Ubuntu 6.10 Edgy Eft
Virulent Mac haters took issue with Ubuntu 6.10 Edgy Eft’s default wallpaper due to design influence taken from the then-default Mac OS X 10.4 wallpaper ‘Aqua‘. Riff or not, the light skin tones worked well in the image and provided a calm presentation on the desktop.
Ubuntu 7.04 Feisty Fawn
It has been remarked on occasion that the Ubuntu 7.04 wallpaper resembles patch of bruised skin! I don’t see that myself, but it is an indistinct illustration. Whatever aim lay behind this image it seems to have got lost in translation…

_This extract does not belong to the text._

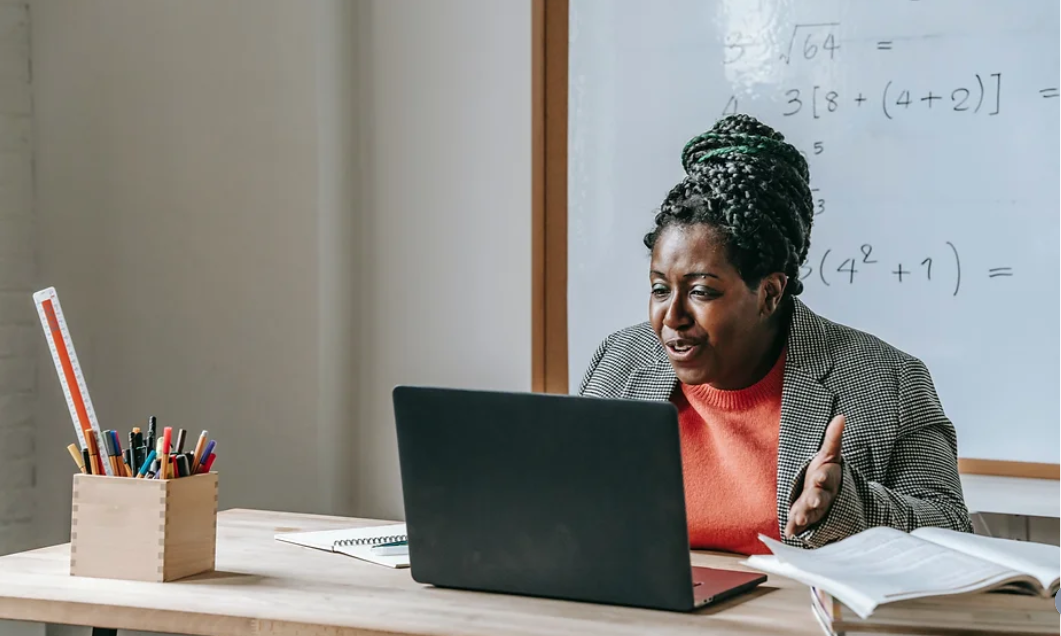 Highest Paying Al­ter­na­tive Careers for Teachers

Ubuntu 7.10 ‘Gutsy Gibbon’
Having reverted to fleshy tones in the previous 2 releases, Ubuntu 7.10 saw the return of the rich brown tones from the Dapper Drake era. The refractive lines have echoes of OS X’s iconic Aqua wallpaper but the distinctive is more than enough to lift that inspiration out of mind.

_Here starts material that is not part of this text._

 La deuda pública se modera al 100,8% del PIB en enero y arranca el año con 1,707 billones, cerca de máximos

As Ubuntu 7.10 Gutsy Gibbon was my first Ubuntu I must confess to a nostalgic bias reviewing it. It is quintessentially “Ubuntu” to my eyes.
Ubuntu 8.04 ‘Hardy Heron
The Ubuntu 8.04 LTS ‘Hardy Heron’ wallpaper is considered Ubuntu’s best wallpaper, bar none. It’s hard to argue. The illustration featured the release mascot (a first) and its intricate, colourful, and imaginative presentation personified the distro’s burgeoning status.

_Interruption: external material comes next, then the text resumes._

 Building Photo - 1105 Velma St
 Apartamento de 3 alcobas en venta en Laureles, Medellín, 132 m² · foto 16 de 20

Ubuntu 8.10 ‘Intrepid Ibex’
The Intrepid Ibex also featured its titular mascot in abstract style – though some saw a coffee stain/splash instead of an Ibex! Regardless, the 8.10 wallpaper was distinctive, different, and dripping with personality – things which can’t be said about much of the desktop art that followed it…
Ubuntu 9.04 ‘Jaunty Jackalope’
It was back to basics with the Ubuntu 9.04 wallpaper. Imaginatively rendered mascots were ditched and simple gradients, swooshy lines and lighting effects brought back. It was, for most of us at the time, something of a let down given the originality of the art proceeding it.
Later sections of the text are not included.